The issue of whether Taiwan is part of the sovereign territory of that “China,” not the PRC, not the ROC, but “big China,” is a separate one and has to do with defining what the sovereign territory of that China is. It happens that for many years, both the PRC and the ROC asserted vigorously that Taiwan was a part of China. But Taiwan’s main supporter, the United States, took a different view for its own reasons.
This is not to say that at some point in the future, this issue can’t be resolved. But it does mean that this issue will continue. It’s fair to say that on Taiwan, there are now different views as to whether the territory of Taiwan is part of “China’s” sovereign territory, whichever the government of that China may be, and different parties have different views.
Ryan Hass:
And broadly speaking, what is the distinction between Taiwan’s two main political parties on this question? The Kuomintang (KMT) and the Democratic Progressive Party (DPP)?
Richard Bush:
Simply put, the nationalist party, the Kuomintang, maintains the view that the Republic of China is the government of all of China and that Taiwan is a part of that China.
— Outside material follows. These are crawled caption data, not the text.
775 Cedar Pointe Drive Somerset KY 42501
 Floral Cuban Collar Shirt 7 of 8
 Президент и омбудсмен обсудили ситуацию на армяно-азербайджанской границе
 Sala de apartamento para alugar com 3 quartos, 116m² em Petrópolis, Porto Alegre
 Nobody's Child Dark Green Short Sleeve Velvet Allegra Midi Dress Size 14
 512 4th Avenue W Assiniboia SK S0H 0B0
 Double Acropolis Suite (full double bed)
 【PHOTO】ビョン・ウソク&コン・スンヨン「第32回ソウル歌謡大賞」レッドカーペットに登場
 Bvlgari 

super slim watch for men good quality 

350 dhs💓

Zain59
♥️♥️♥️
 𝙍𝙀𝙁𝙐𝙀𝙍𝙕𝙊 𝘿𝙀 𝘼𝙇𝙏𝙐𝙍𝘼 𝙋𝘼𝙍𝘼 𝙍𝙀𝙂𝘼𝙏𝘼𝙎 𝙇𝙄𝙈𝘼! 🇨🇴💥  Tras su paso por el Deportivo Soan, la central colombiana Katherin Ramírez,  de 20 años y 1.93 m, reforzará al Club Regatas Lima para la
People in the green camp [the DPP] have thought in different ways about this question. Some place a lot of emphasis on the fact that Japan only divested itself of Taiwan but didn’t vest it in anybody else. One can interpret an initiative by then-President Lee Teng-hui’s statement in 1999, which said most famously that the two sides of the Strait are in a special state-to-state relationship. But read closely, it also seemed to suggest that the territory of the ROC was limited to that territory where the government had been selected in free elections: Taiwan, the Pescadores Islands (or the Penghu Islands), and the Kinmen and Matsu Islands.
In recent years, this issue has not received too much discussion on Taiwan—that may be a good thing.
Ryan Hass:
I want to ask you about a separate topic. China maintains a “One China” principle. The United States has a “One China” policy. What differentiates the two, and why does it matter?
Richard Bush:
Well, the “One China” principle states that there’s one China in the world, that the PRC is the sole legal government of that China, that Taiwan is a part of China, and the Taiwan issue is an internal affair of China. Therefore, the ROC and the PRC are in a suspended civil war.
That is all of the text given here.